DaVita recently reported its second-quarter results, which were mainly in line with expectations. Revenue of $2.93 billion matched Wall Street forecasts, and earnings per share (EPS) of $2.30, as measured under generally accepted accounting principles (GAAP), beat estimates by $0.22. The company's full-year adjusted EPS guidance was in a range of $7.50 to $8.50; the consensus estimate was $7.84.
Helping with a tough choice
DaVita provides renal dialysis for patients suffering from end-stage kidney failure. They are in a difficult position: They can either have a kidney transplant or dialysis for the rest of their lives. Because the waiting list for replacement kidneys is very long, most patients' only option is dialysis. Thus, DaVita falls under the toll bridge category.
The dialysis treatments are paid for by insurance companies. So DaVita's revenue is split between Medicare and private insurers. Medicare patients make up around half of its revenue but provide almost none of its profits.
But revenue from private payers is very profitable. DaVita has significant leverage when negotiating prices with private insurers. Given the life-supporting nature of the company's services, private payers are unlikely to lower the price they are willing to pay for dialysis. If they were to play hardball with DaVita, they would risk losing customers and major employer plans, and tarnish their reputation.
The company forecasts $850 million to $1.1 billion in free cash flow (FCF) for 2022. DaVita has a long track record of strong FCF, another tenet in the Buffett playbook. Over the years, the company has used its FCF to repurchase shares at a rapid clip.
For example, through the first six months of 2022, DaVita spent $603 million to buy back nearly 6 million shares. In doing so, its share count fell by 5.3%, from 96.3 million shares at the beginning of the year to 91.3 million at the end of the second quarter.
Its history of share repurchases goes back even further.

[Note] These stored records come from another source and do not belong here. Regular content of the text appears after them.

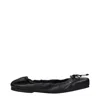 Jacquemus Black Square-toe Shoes With Gathered Upper In Black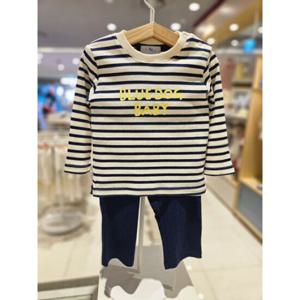 블루독베이비[hu]25.FW NY)골지STRIPE상하세트A 45A70-672-15 상하복 가을겨울 외출복 외출상하복 등원복
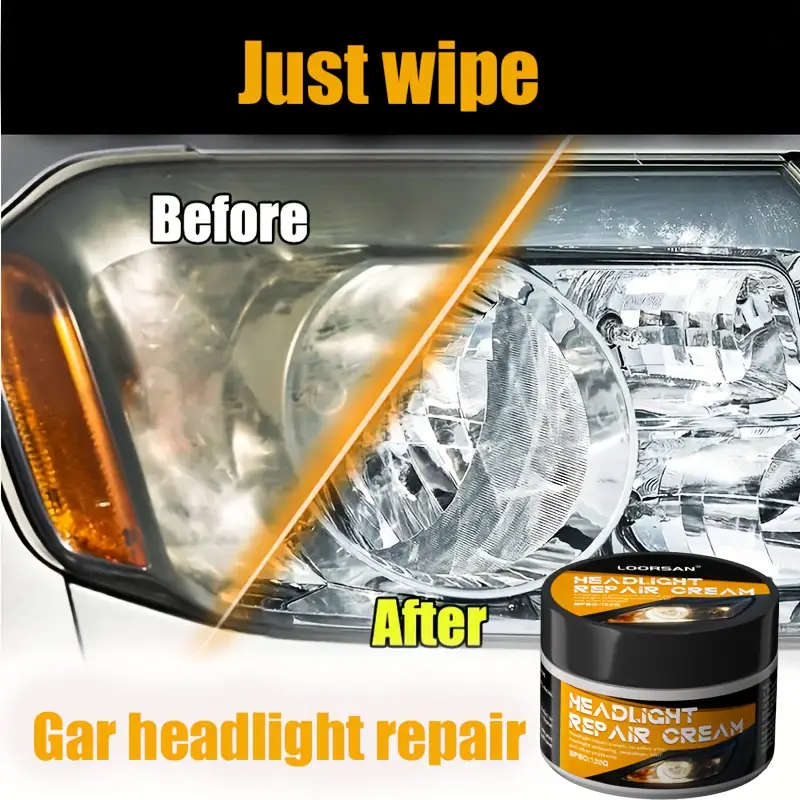 1pc Universal Headlight Restoration Kit Car Headlamp Polishing Paste Enhances Visibility Removes Yel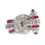 Thumbnail: Art Deco Ruby & Diamond Cocktail Ring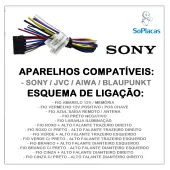 CHICOTE RÁDIO SONY / JVC / AIWA / BLAUPUNKT - CONECTOR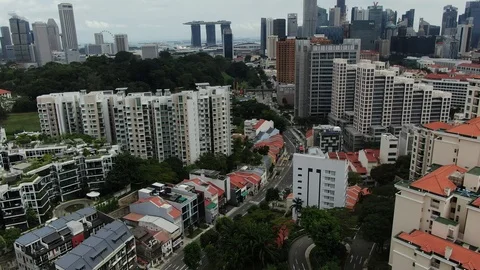 Singapore Drone Stock Footage 122197762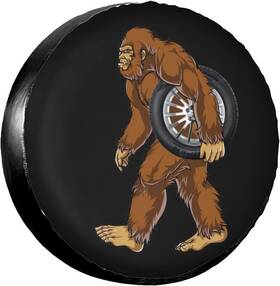 Ogd-2 Ogkdlew Funny Bigfoot Takes The Spare Tire Wheel Cover For 15 Inch Bigfoot-i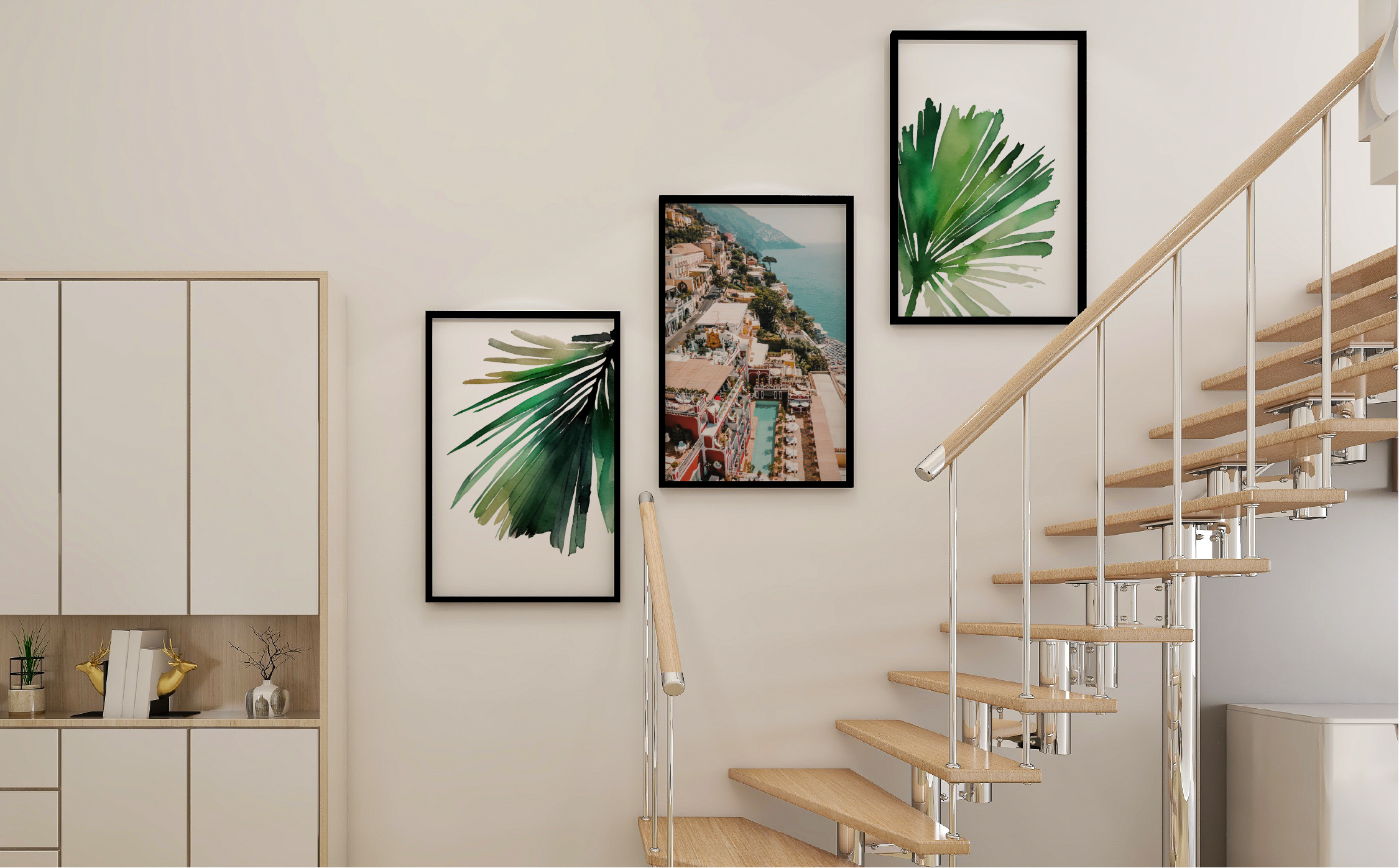 How to make the perfect Stairway Gallery Wall Frametolia.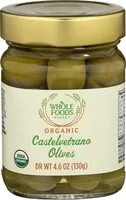 Mängden socker i Organic castelvetrano olives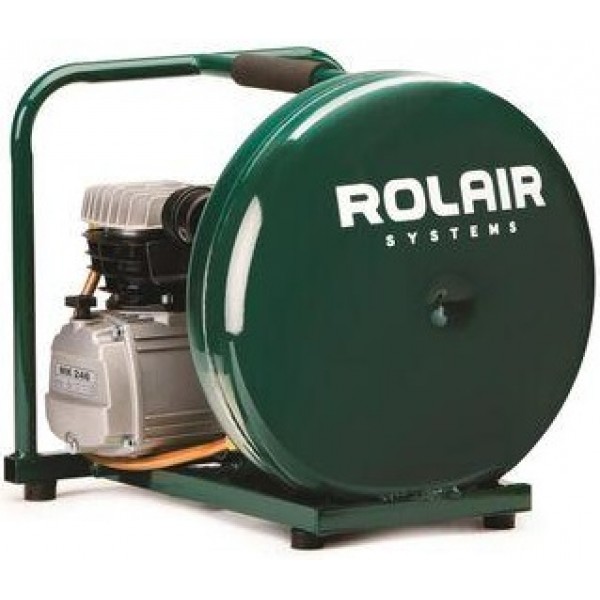 Rolair 2 HP (115V) 4.1 CFM@90PSI 4.5 Gall Vertical Pancake Compressor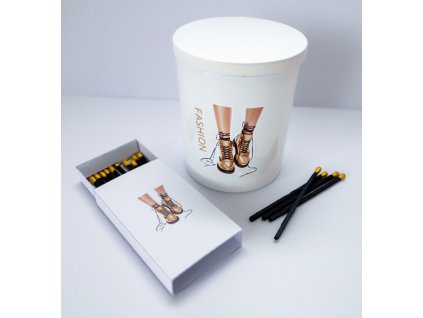 Štýlová sójová sviečka – Premium Set Fashion Shoes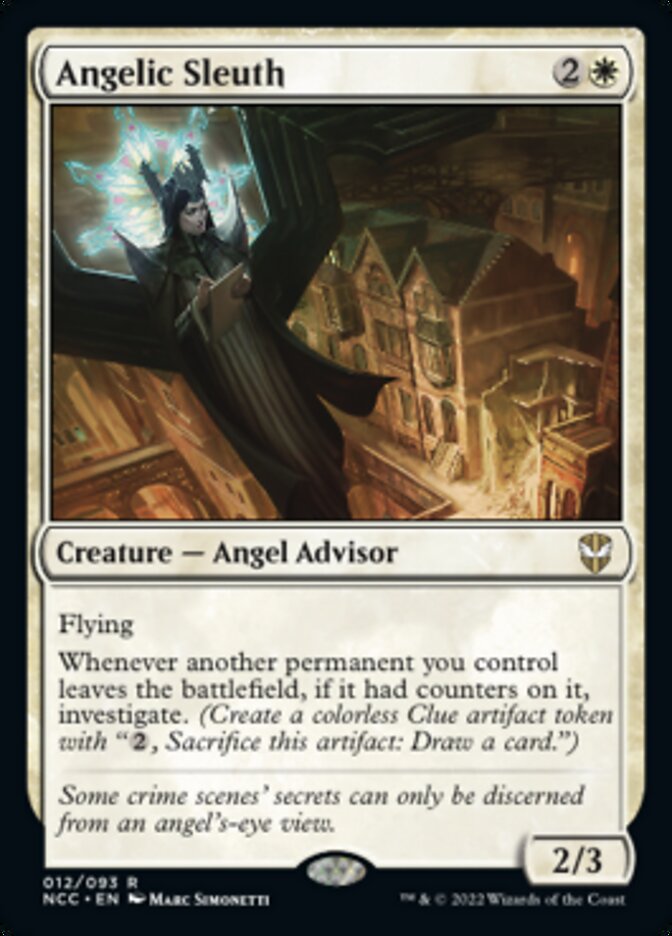 Angelic Sleuth [Streets of New Capenna Commander] | Webway Games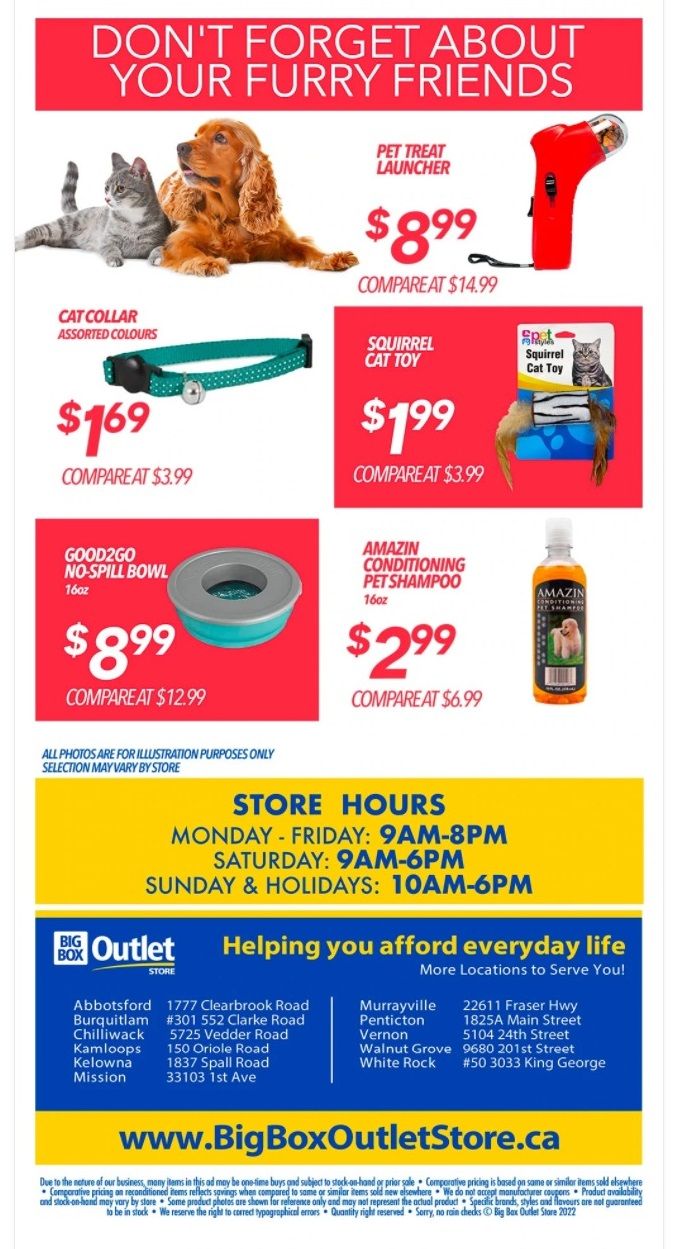 Big Box Outlet Store Baby and Pets Sale Flyer January 20 to 25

Between 2017 and the third quarter of 2021, the company cut its share count by 43%.
Because of Davita's long-term appetite for share repurchases it seems to have been devouring everyones's shares except Berskhire's. Buffett's steadfast ownership of its shares, combined with Davita's repurchases, has increased Berkshires ownership stake from 17% at the end of 2013 to its current 38%.
Is DaVita stock a buy?
Most renal failure is brought on by diabetes, which is increasing in the U.S. Driven by population and diabetes growth, forecasts for end-stage renal disease say it is expected to grow anywhere from 41% to 83% by 2030. DaVita should be able to meet this need, which is why one of the world's foremost stock pickers considers it a toll bridge company, and you can invest alongside him.